It’s practically a given these days that when you’re consuming online content, there’s a hook–an e-book for sale, an online seminar registration, some sort of monthlycoaching or one-on-one training.

Honestly, I don’t have a problem with this. In fact, at some point, I may be asking you, dear reader, to purchase a novel or two from me (assuming, of course, I actually get around to finishing them).

I’m not mad about it when an article on how to tighten up my blog posts or punch up my Medium headlines ends with a link to the author’s premium content. You know what? You go get your money, baby. (Although, I’ve shared elsewhere how likely I am to pay for premium online content.)

Premium-content pitches have become the highway billboards of blogging: ubiquitous and usually benign, but with the most flamboyant and obnoxious offenders turning away more people than they attract.

That’s why I was stunned and pleasantly surprised when a writer/blogger who’s making a living with his words took a few moments to give me something for free.

I can’t recall how I found out about Jim Woods’ “Finish Your Book” Summit, but I signed up for his mailing list anyway. I figured if nothing else, I’d receive some useful tips and encouragement. I had interacted a little with Jim on a Publishous Twitter chat (shout-out to #PubChat!), and he seemed like a good dude.

But I noticed something unexpected when I received a “welcome” email from his mailing list: Jim asked a question, invited the reader to reply, and promised a personal response.
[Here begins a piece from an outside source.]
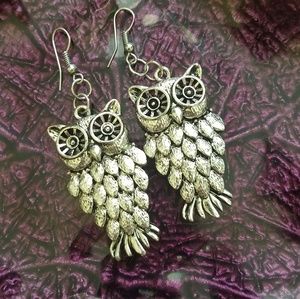 Silver owl earrings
Confession: I didn’t quite buy it. I figured, if anything, it would probably be a canned response that he had stored in his drafts folder to fire off, depending on the question. But, what the heck: okay, Jim, I’ll bite.
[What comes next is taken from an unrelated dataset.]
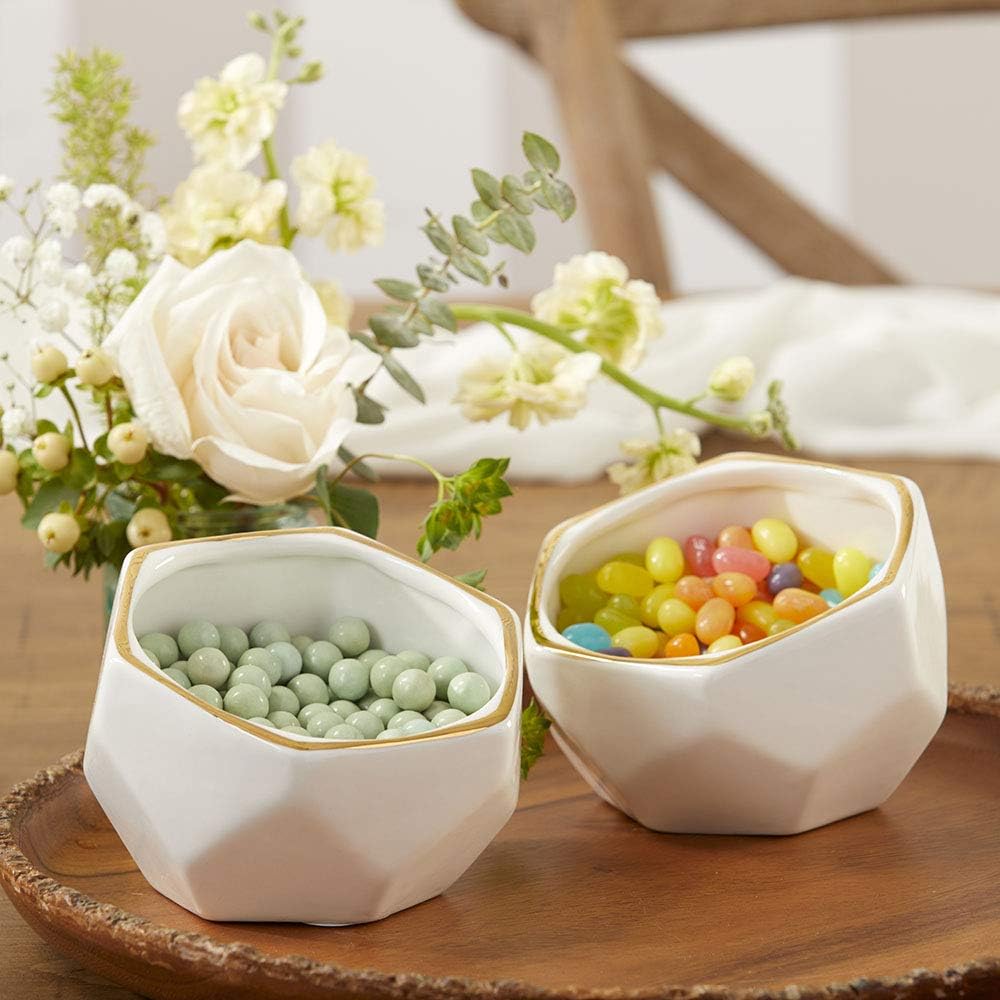 Geometric Ceramic Planters Decorative Bowls / Small & Medium / White / Set of 2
I wrote back with a question about the struggle with balancing family, work, and creative life. To my delight, Jim responded with an actual email. He provided some advice that was pertinent to my situation, and encouraged me to keep at it. And that was it. He dropped a link to his blog at the end, but didn’t try to up-sell me on anything.
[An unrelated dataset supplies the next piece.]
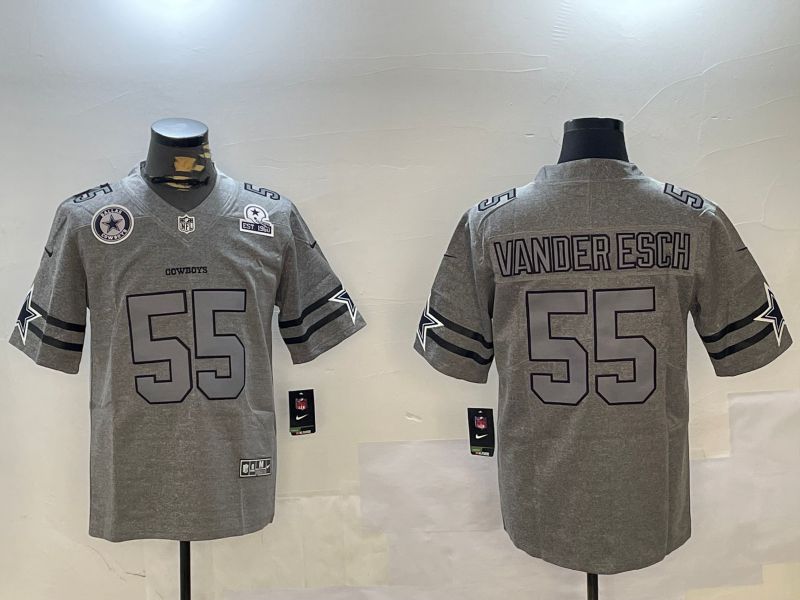 Men Dallas Cowboys #55 Vanderesch Grey Throwback 2024 Nike Limited NFL Jersey style 4->dallas cowboys->NFL Jersey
In an industry and medium where writers and coaches must self-promote to survive, Jim Woods stood out by giving me 3 things:

  • He gave me his time. Sure, it was just a minute or two, but he made the decision to spend his time helping out a reader. I don’t know how many emails he gets, but I know that even with my minimal inbox traffic, it still takes me forever to respond to people, even my friends. (Also: Sorry, Mike. You should receive a reply by the time this posts.)
  • He gave me his word. It was right there in the email: if you email, I’ll respond. And when I tested him on it, he followed through. I’m reminded of all the times that I’ve told you, dear reader, that I’d post something at this or that time, only to show up, hat-and-excuse-in-hand, much later than promised. I appreciated that Jim said he would respond, and then did.
  • He gave me encouragement. He listened to my question, replied, and encouraged me to follow-through. On his website, he offers coaching for writers who want to finish their books, and I got a taste of that coaching in his correspondence, as he urged me to keep looking for inspiration to write.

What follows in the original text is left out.